‘Freedom is the right of all people’, ‘All lives are equal’ – this was written on the shoes of Usman Khawaja. In the first match of the three-test series against Pakistan, Australia is coming to Perth tomorrow, before that, there was a lot of discussion about why there was such a writing on the shoes of the Pakistani-born Australian opener in practice!

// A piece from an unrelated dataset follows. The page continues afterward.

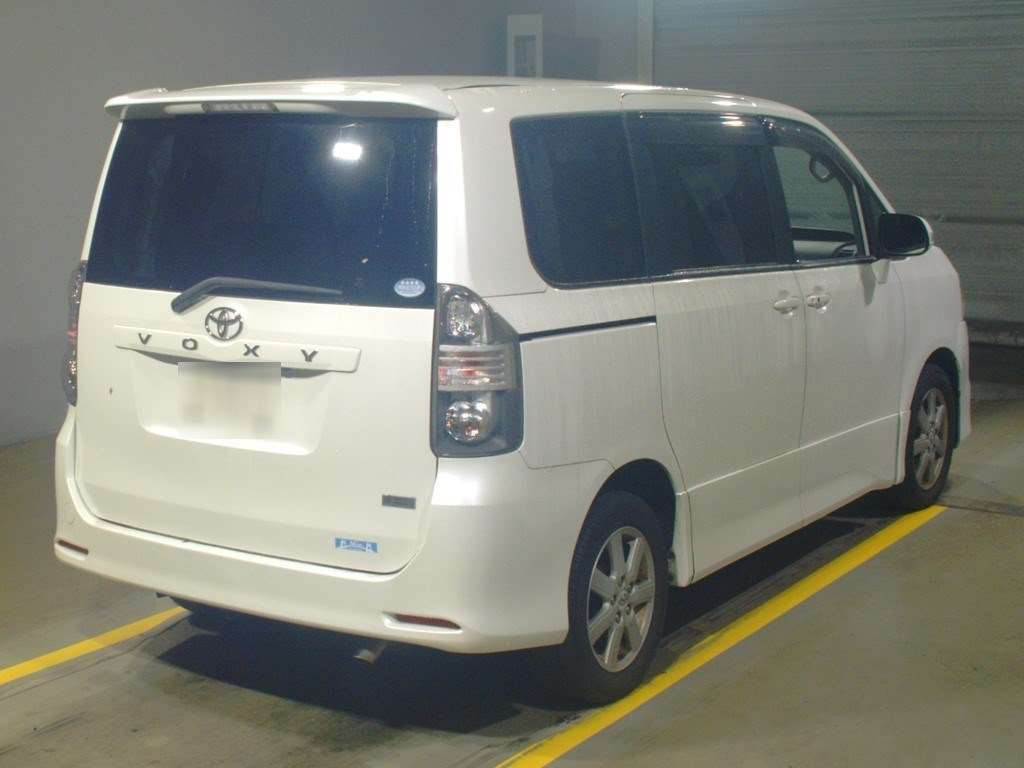 2008 Toyota Voxy ZRR75W[1]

It is not difficult to understand, Khawaja wrote the words while standing by hundreds of innocent Palestinians in the conflict between Israel and Palestine over the occupation of Gaza. The Australian opener said he will wear the shoes with the message in the first Test.
Well, that’s the fuss! Khawaja was reminded that such ‘political speech’ is banned in the field under ICC rules. There have even been demands to drop Khawaja from the first Test squad. However, after all the controversy, Khawaja has changed his mind, he is not going to the field tomorrow wearing shoes with the message written on the side of Gaza.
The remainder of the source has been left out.